In the case you don't have access to httpd.conf or you want work with .htaccess files only , you can put similar directives directly into an .htaccess file:

<FilesMatch "\.(cgi|pl)$">
   PerlHeaderParserHandler Apache::SessionManager
   PerlSetVar SessionManagerTracking On
   PerlSetVar SessionManagerExpire 3600
   PerlSetVar SessionManagerInactivity 900
   PerlSetVar SessionManagerName PERLSESSIONID
   PerlSetVar SessionManagerStore File
   PerlSetVar SessionManagerStoreArgs "Directory => /tmp/apache_session"
   PerlSetVar SessionManagerDebug 5
</FilesMatch> 

The only difference is that you cannot use Location directive (I used FilesMatch) and you must install Apache::SessionManager in Header parsing phase of Apache request instead of URI translation phase.

Notes on using .htaccess instead of httpd.conf

  • In this cases it is necessary to install Apache::SessionManager in Header parsing phase and not into URI translation phase (in this phase, .htaccess hasn't yet been processed).

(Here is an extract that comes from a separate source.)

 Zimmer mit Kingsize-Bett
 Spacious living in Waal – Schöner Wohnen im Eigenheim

  • Using .htaccess, it is possible to use only cookies for the session tracking.

See Apache::SessionManager::cookpod for more info about module configuration and use within thirdy part packages.

DIRECTIVES

You can control the behaviour of this module by configuring the following variables with PerlSetVar directive in the httpd.conf (or .htaccess files)

SessionManagerTracking On|Off

This single directive enables session traking

PerlSetVar SessionManagerTracking On

It can be placed in server config, <VirtualHost>, <Directory>, <Location>, <Files> and .htaccess context. The default value is Off.

SessionManagerURITracking On|Off

This single directive enables session URI traking

PerlSetVar SessionManagerURITracking On

where the session ID is embedded in the URI. This is a possible cookieless solution to track session ID between browser and server. Please see "URI TRACKING NOTES" section below for more details. The default value is Off.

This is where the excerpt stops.